Private contractors were granted immunity from the Iraqi legal process in 2004 by L. Paul Bremer, head of the Coalition Provisional Authority, the U.S. occupation government. More recently, the military and Congress have moved to establish guidelines for prosecuting contractors under U.S. law or the Uniform Code of Military Justice, but so far the issue remains unresolved.
10 comments:
Uh oh, here comes No Man. Do you have any questions about Blakely?
JO'C beat me to the punch. The article, and a couple others across the country this weekend, gets the central issue reversed. Everyone knows what law(s) applies, no one knows how to implement it. I am looking forward to a fun filled day at CAAF and the JSC Code Committee briefing.
Does anyone know where I could find a copy of the guidelines that Congress and the military are trying to put forward? It would really help with a paper I'm trying to write.
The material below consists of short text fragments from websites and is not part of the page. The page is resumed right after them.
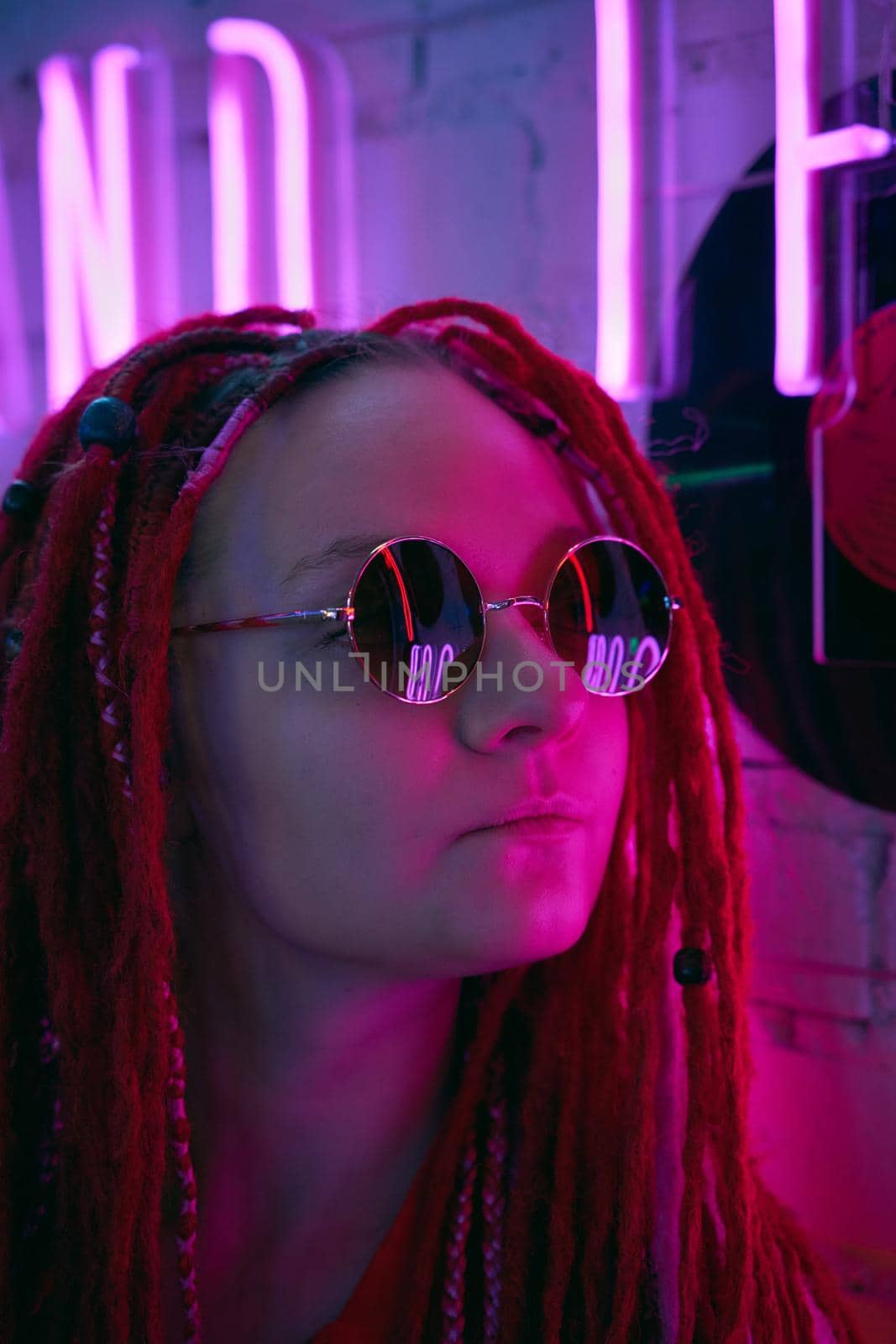Girl in neon lights at party in nightclub, beautiful woman in sunglasses, with long pink hair, with dreadlocks pigtails, bright and stylish in the glow of neon signs, vertical, close up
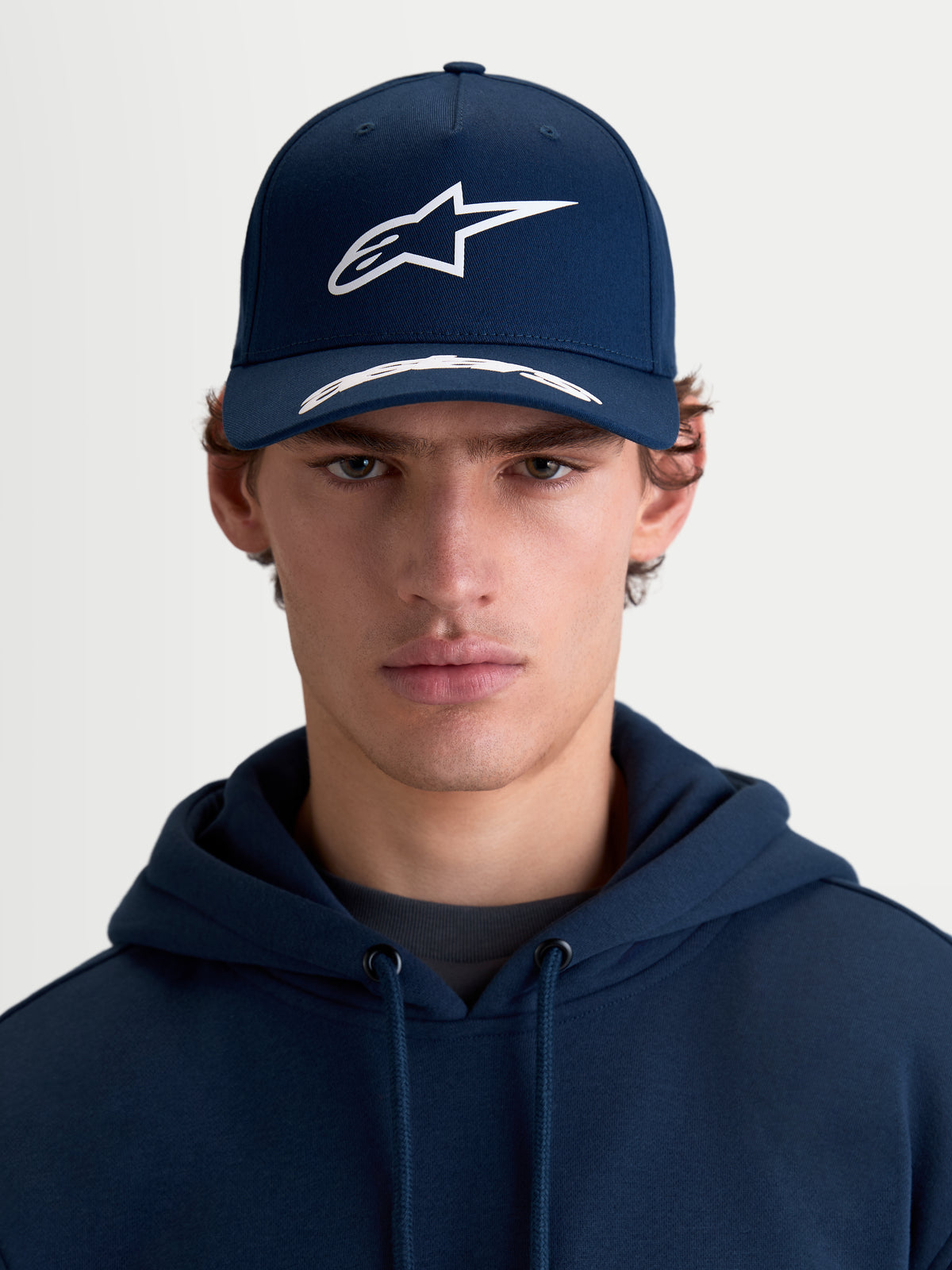Alpinestars Arclight pet, sportswear-pet met gebogen klep, donkerblauw en wit, vooraanzicht op model, voorzien van een gestructureerde kroon, getextureerd puffprint Astars-logo en premium katoenen keperstof.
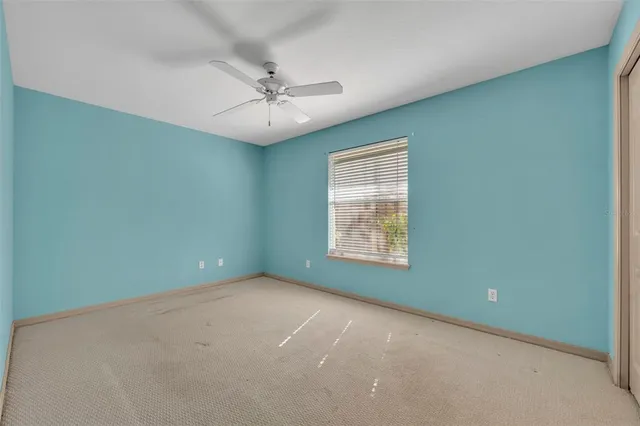 an aerial view of a house with a yard and a fountain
Does anyone know where a government contractor convicted under UCMJ jurisdiction would be confined?! Has anyone thought that far ahead?
I would imagine at Fort Leavenworth. Why would a civilian subject to military jurisidiction be treated any differently than military members subject to military jurisdiction.
To answer Guert's question, because he is not subject to UCMJ jurisdiction in Ft Leavenwortg, KS. The confinement issue is actually relatively standard of the problem Col Graham created. Is the civilian the same as a military person when he is in Ft. Leavenworth, KS-ie not in the field? The answer must be that they are different, but how they could or should be treated differently is the real question.
Keep in mind that under Article 2(a)(7), a court-martial has jurisdiction over "Persons in custody of the armed forces serving a sentence imposed by a court-martial." So if a civilian contractor were court-martialed and did time in, say, the USDB, there would continue to be court-martial jurisdiction over the individual. This jurisdiction is important -- and, on at least on occasion, I've seen it actually used -- to exert control over a prisoner who continues to be confined in a military facility after execution of a punitive discharge arising from a court-martial conviction.
Tsk, tsk, No Man. That was an easy one.
Please pardon my typos when I typed my earlier comment. You get the idea.